Frank Bisignano’s great(ish) escape

Roula Khalaf, Editor of the FT, selects her favourite stories in this weekly newsletter.
Frank Bisignano, the new ‘CEO’ of the IRS, should know the value of a good tax break.
Bisignano — also head of the Social Security Administration — made a fortune running Fiserv, a data and payments company, after top jobs at JPMorgan Chase and Citigroup.
In order to comply with his ethics agreement to enter the US government in May, he was forced to sell hundreds of millions of dollars’ worth of shares in Fiserv — deferring taxes on the sale — and move his assets into diversified mutual funds, exchange traded funds or Treasuries.
Of course, no one joins the US government to make money*. But the timing may have been fortuitous for Bisignano: It’s been a really, really bad year for Fiserv and a much better one for diversified funds. Let’s take a look at how lucky he was.
Bisignano held 3,321,496 Fiserv shares as of 7 May, according to company filings, giving his stake a cocktail-napkin-maths valuation of $605mn.
Between 16 May and 1 July, he sold between $244mn and $617mn worth of those shares (temporarily saving anywhere from $49mn to $123mn on the sale because he was allowed to defer the 20 per cent capital gains tax). Given the sales stopped in July, we would assume the stake is now fully divested as pledged.
All of which prompted us to wonder — was this a good time to sell?
The answer is somewhat nuanced. That’s because selling Fiserv stock this year has been like trying to choose when to jump from the fourth floor of a burning building.
Bisignano began selling a day after the stock had sunk 16 per cent, following Fiserv’s disclosure on 15 May that revenue growth from its Clover point-of-sale payment processing system disappointed Wall Street. It had also slumped in February and April.
But Fiserv stock fell another 14 per cent on July 14, when it cut its revenue growth forecast, and the stock has slid another 7 per cent over the past month.
There are quite a few moving factors in any counterfactual here, but it seems a fair ballpark estimate to say that an earlier confirmation might have saved Bisignano an eight-figure sum — and that a few more weeks of delay could have cost him a similar amount.
There’s also the question of what he has put the money into since. The US government permits government employees like Bisignano to invest the cash in mutual funds, broad ETFs or Treasuries, meaning he may have diversified his holdings at an opportune time.

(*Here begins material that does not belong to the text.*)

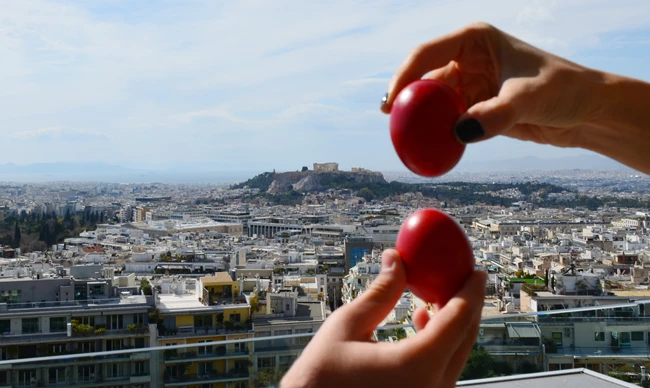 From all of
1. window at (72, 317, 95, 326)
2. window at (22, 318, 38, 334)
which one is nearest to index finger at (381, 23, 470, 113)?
window at (22, 318, 38, 334)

Fiserv stock has fallen almost 34 per cent since he was confirmed to lead the social security administration on May 6, while the S&P 500 is up nearly 18 per cent. The 10-year Treasury yield is over 4 per cent.
Now, we don’t know what Bisignano invested in after his sales. The Social Security Administration press officer told us:
Commissioner Bisignano has fully complied with the obligations required under his federal government ethics agreement as a Senate-confirmed presidential appointee.
But as things played out, he’s probably happy that he entered July not holding his ex-employer. Let’s look at how things have panned out since 8 June, roughly halfway through Bisignano’s divestment:
In the long-run, however, sticking at Fiserv probably would have been more lucrative. In 2024, Bisignano’s base salary at the company was $1.4mn. His total compensation, including equity awards, was $27mn, and even that was a big drop from earlier years.